**RECORDS FOR THIS TASK**.
++++++++

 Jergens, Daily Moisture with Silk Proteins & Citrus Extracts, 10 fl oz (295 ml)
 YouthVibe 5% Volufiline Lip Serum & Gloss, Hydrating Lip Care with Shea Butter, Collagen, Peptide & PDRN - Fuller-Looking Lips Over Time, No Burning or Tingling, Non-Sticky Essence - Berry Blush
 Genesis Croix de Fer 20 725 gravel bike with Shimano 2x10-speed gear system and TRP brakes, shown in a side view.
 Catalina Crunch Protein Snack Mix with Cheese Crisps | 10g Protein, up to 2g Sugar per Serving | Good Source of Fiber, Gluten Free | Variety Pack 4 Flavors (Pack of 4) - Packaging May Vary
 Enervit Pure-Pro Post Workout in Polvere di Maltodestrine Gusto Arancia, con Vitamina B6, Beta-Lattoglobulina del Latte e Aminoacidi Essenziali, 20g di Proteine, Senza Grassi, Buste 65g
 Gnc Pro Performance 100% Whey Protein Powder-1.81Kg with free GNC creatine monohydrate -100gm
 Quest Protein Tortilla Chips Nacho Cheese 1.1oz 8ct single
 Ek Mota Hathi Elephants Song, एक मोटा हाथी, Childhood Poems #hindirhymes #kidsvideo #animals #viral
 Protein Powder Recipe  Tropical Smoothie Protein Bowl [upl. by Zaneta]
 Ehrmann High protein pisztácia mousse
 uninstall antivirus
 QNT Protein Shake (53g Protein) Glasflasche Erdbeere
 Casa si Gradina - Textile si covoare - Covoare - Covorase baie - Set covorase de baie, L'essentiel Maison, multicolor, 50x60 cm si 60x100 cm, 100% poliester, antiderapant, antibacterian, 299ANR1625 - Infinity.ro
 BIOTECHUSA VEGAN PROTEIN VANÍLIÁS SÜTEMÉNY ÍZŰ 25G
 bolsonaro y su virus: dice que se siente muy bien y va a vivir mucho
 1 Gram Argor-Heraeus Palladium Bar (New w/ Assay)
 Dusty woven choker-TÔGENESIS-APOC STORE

++++++++

**TASK TO CARRY OUT**. After locating the line holding "Catalina Crunch Protein" above, output exactly that line and every line after it through the line holding "Quest Protein Tortilla". Include nothing else.

**THE COMPLETED TASK**.
 Catalina Crunch Protein Snack Mix with Cheese Crisps | 10g Protein, up to 2g Sugar per Serving | Good Source of Fiber, Gluten Free | Variety Pack 4 Flavors (Pack of 4) - Packaging May Vary
 Enervit Pure-Pro Post Workout in Polvere di Maltodestrine Gusto Arancia, con Vitamina B6, Beta-Lattoglobulina del Latte e Aminoacidi Essenziali, 20g di Proteine, Senza Grassi, Buste 65g
 Gnc Pro Performance 100% Whey Protein Powder-1.81Kg with free GNC creatine monohydrate -100gm
 Quest Protein Tortilla Chips Nacho Cheese 1.1oz 8ct single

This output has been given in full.